2008 China Open (Tennis). Sept.23 on the opening ceremonies, competitors present themselves in Hanfu towards the Chinese audience.

2008 China Open (Tennis). On the opening ceremonies (Sept.23), competitors present themselves in Hanfu towards the Chinese audience.

 During the process of writing this article, several events can describe the general stage of recognition of Chinese culture and opinion among the Chinese themselves.

On September 23, in a reception for the oncoming 2008 China Open, international tennis players presented themselves in costumes of the traditional Chinese (some cite Han dynasty), but the influence was not wide-spread.

Ma Yingjeou at the Confucius Homage.

Ma Ying-jeou at the Confucius Homage.

Meanwhile on October 6, Ma Ying-Jeou (Ma Yingjiu) paid homage to Confucius using Zhou standards and 8-row of dancers (signifying respect to the Emperor or a leader of a nation), while dressed in a Magua. Aside from the political implications, some netizens (especially that of noted how strange it was to have cross-collared clothing on the ritual members, but Mr. Ma walked in from the centre gate wearing a distinctly different kind of robe, buttoned at the front. To most Chinese, it may seem normal, as they treat the uniform on the ritual people as a period dress (namely, of some long-dead past).

Yan Chongnian in comic.

Yan in online parody. "Yan Chongnian: Manchu hornblower, fake scholar and academics; Promoting Manchu slaughter as reasonable, supporter of powderfaced national shame Qixi, propagandist for nobility of Manchuria; Slandering Han Chinese civilization, stepping on Han ethnic pride, and brainwashing the masses."

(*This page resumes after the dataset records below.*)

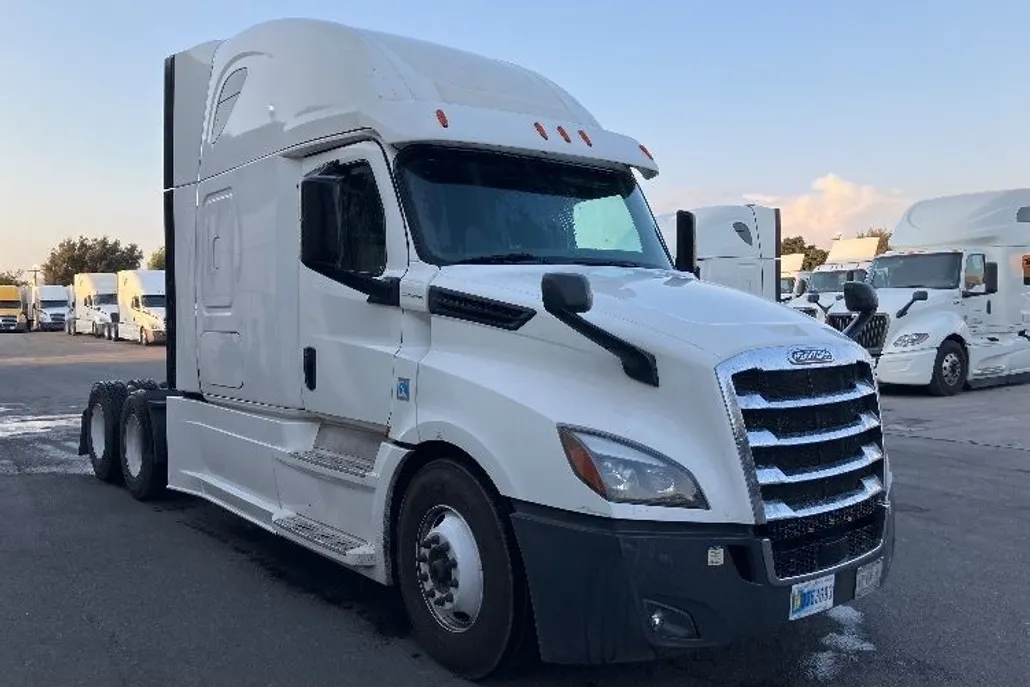 2020 Freightliner Cascadia 126" Sleeper Cab photo 1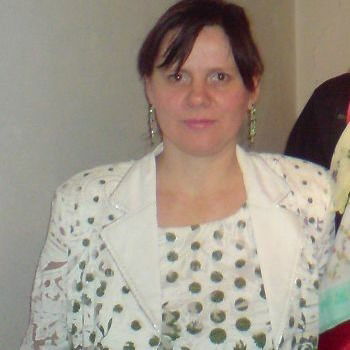 Елена Петрова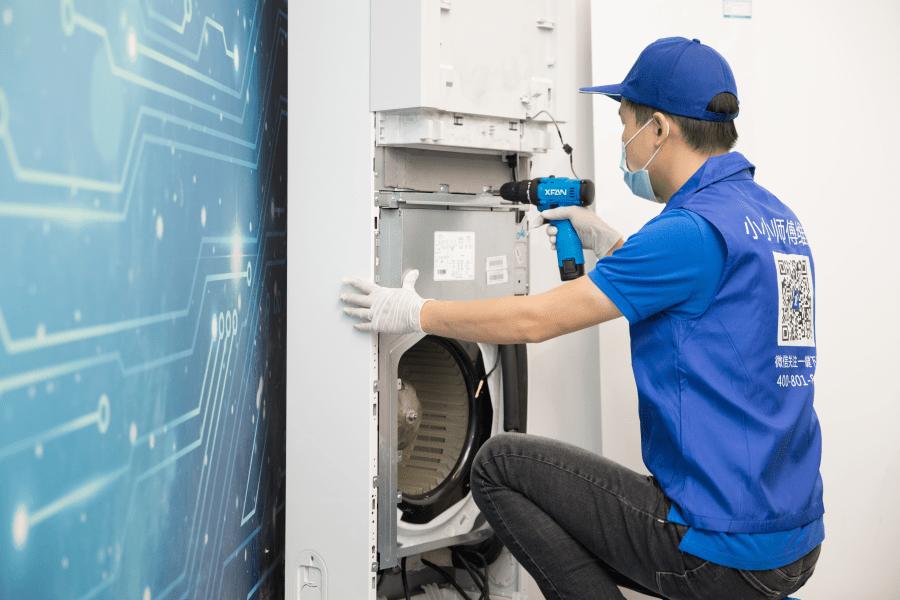 空调坏了找师傅修,空调坏了要维修师傅修理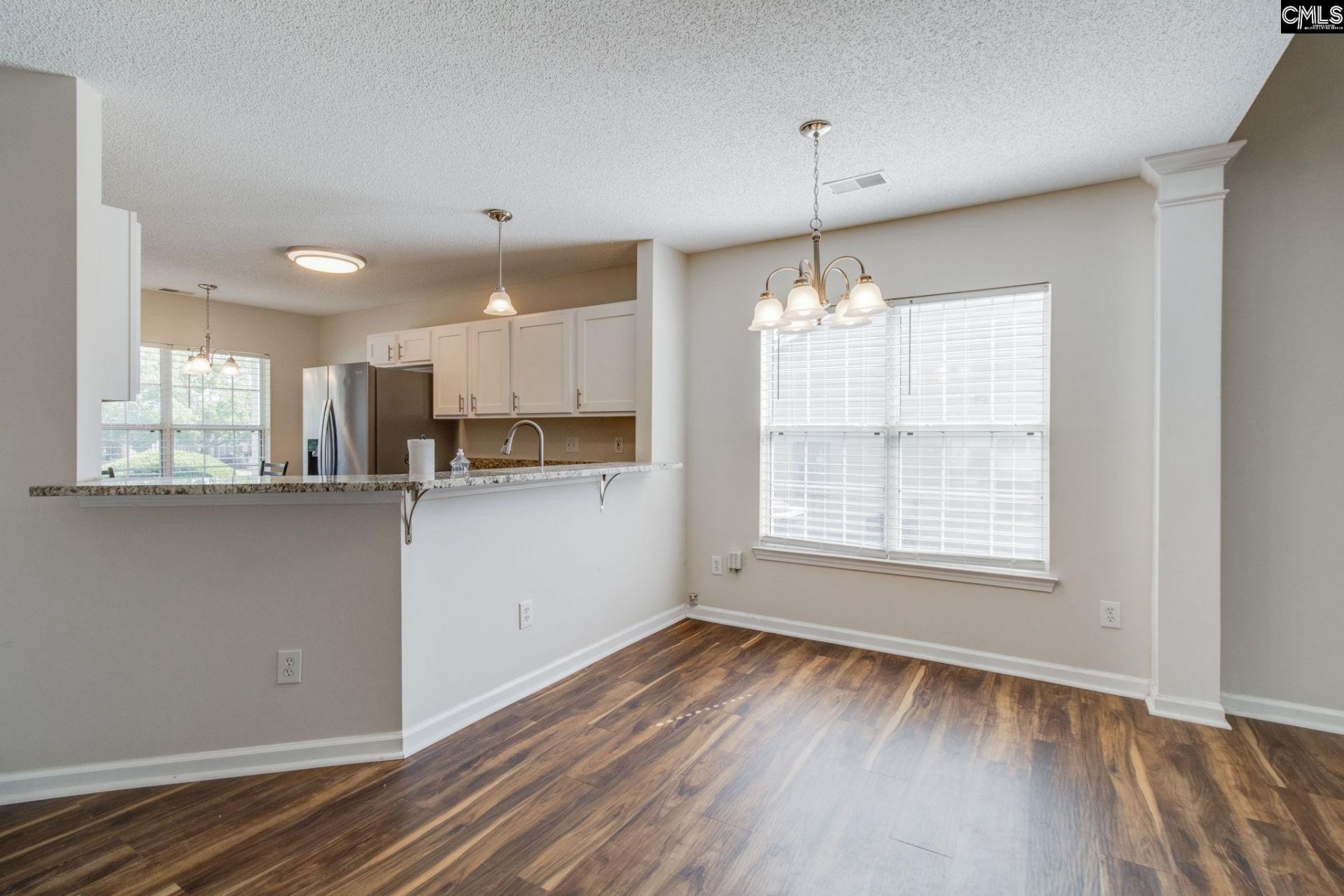 106 Avebury Lane  Photo 8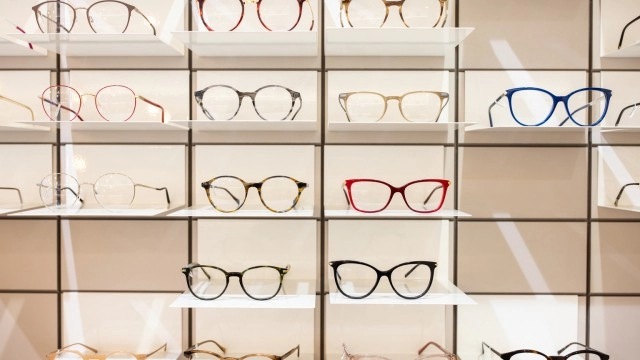 Warby Parker: Finally Shares At A Reasonable Price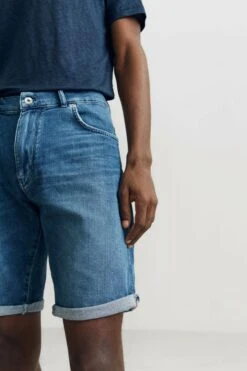 Mid Blue Authentic Washed Regular Fit Shorts Blau -Drykorn Geschäft 10 40 260063 40523 SEEK 2 3300 04 7d84d2182b87e4913bcb838c62218f8a5ee83b19 720x1080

And just one day previous, on October 6 in Wuxi, Jiangsu Province, the CCTV-Lecture Room star lecturer Yan Chongnian was slapped in the face in a book-signing by Huang Haiqing 黃海清, or Dahanzhifeng (大漢之風, DH) mentioned in my previous article on Hanfu promotion in Shanghai. Although many expressed concern and some denounced Huang for using violence against a 73-year old scholar, more agreed with the fact that Lecture Room has become a breeding ground for “academic stars” than a place of question and mutual discourse, and Yan’s controversial views on Qing history has infuriated many readers and netizens on his flawed historiographical views. Huang’s actions were not particularly spontaneous, however: he claims that over the past year, he has questioned Yan over various public instances on his historiographical accuracy, and Yan has even claimed that “I would be happy to discuss this with you after the session for three hours” but never got actualized – out of frustration that civilian and netizen collaborative research have no channel of expressing their results, especially if it is to question or counter institutional research or Party policy: This study and discourse was beyond just textbooks, it is a matter of setting values of right and wrong, justice and turncoating, according to a response written by Huang after his release from detention.

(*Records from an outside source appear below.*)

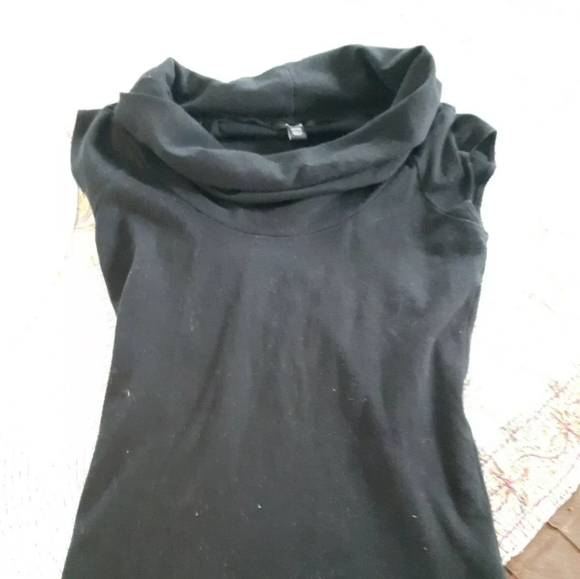 6/$15 size Xs Jacob Short Sleeve cowl neck Jacob blouse - Picture 8 of 9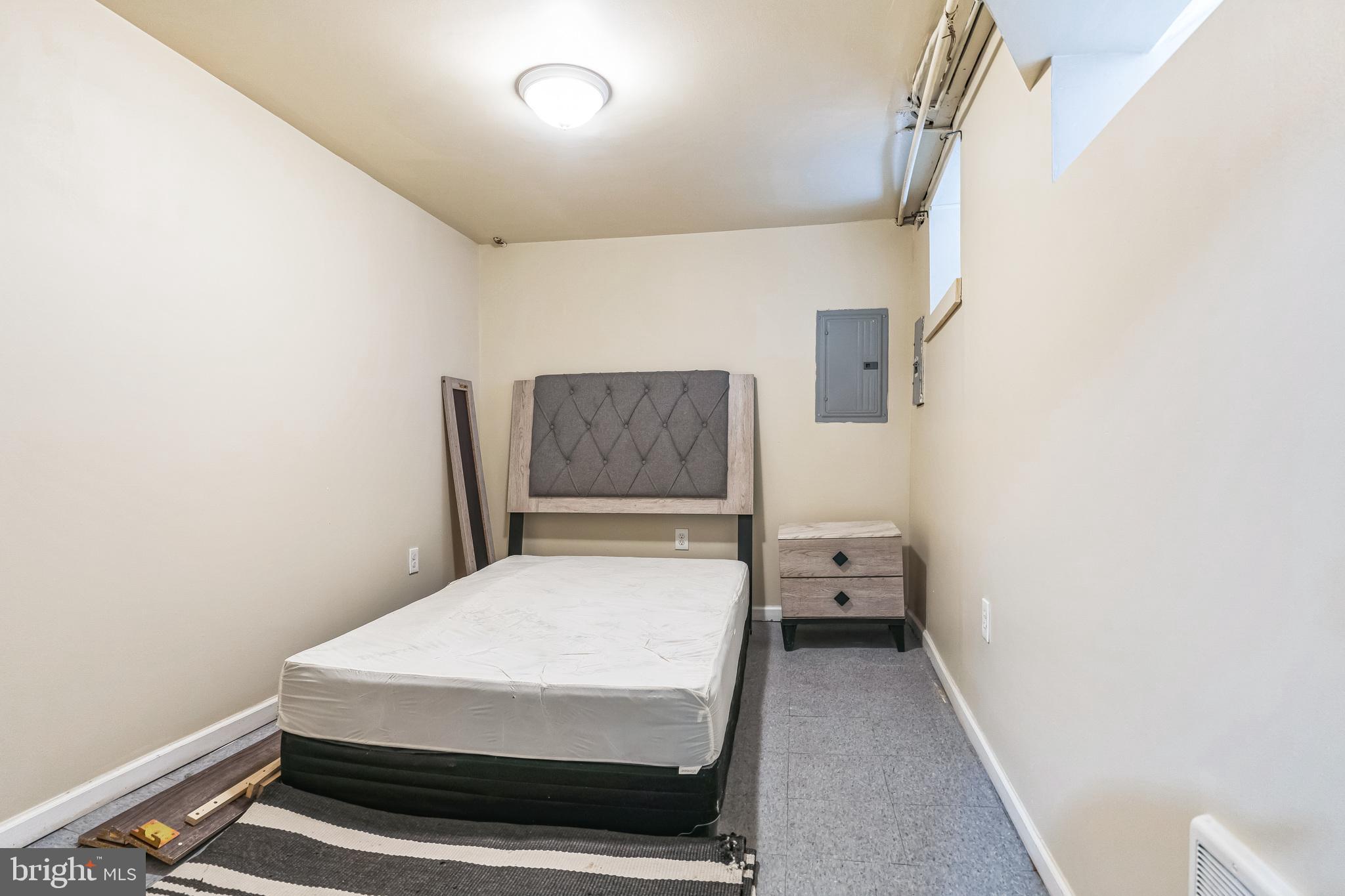 UNIVERSITY CITY - Residential Lease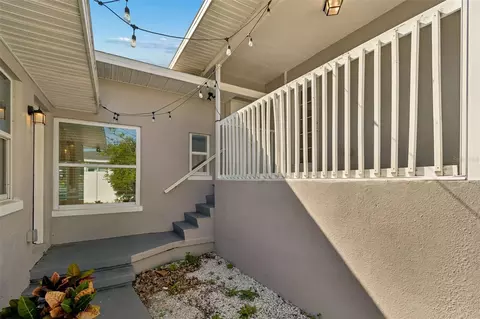 Exterior - 125 Harbor Bluff Dr, Largo, FL 33770 photo 8 of 18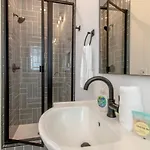 Holiday home Jazz Junction 4 Bedrooms 7 Beds 7 Mins To Broadway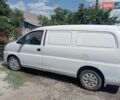 Белый Хендай H-1, объемом двигателя 2.48 л и пробегом 328 тыс. км за 3700 $, фото 1 на Automoto.ua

It is also interesting to note that all attempts by Yan to promote his essays outside of China have been flatly rejected by Western scholarship. Yan himself has also denied to the accusations of publically stating various anti-humane statements, such as “the literary inquisition of Yongzheng was indeed not good, but it was necessary and has a positive effect on Qing rule” (Lanzhou Daily Inteveriew, published Oct.25 2005), and “[Manchurian culture as grazing-hunting society] have conflicts with the agrarian Han culture, and the Ten Days of Yangzhou was but a perfect representation of such cultures.” (Lecture at Changjiang Meilian Dajiangtan, day 12, argument 3)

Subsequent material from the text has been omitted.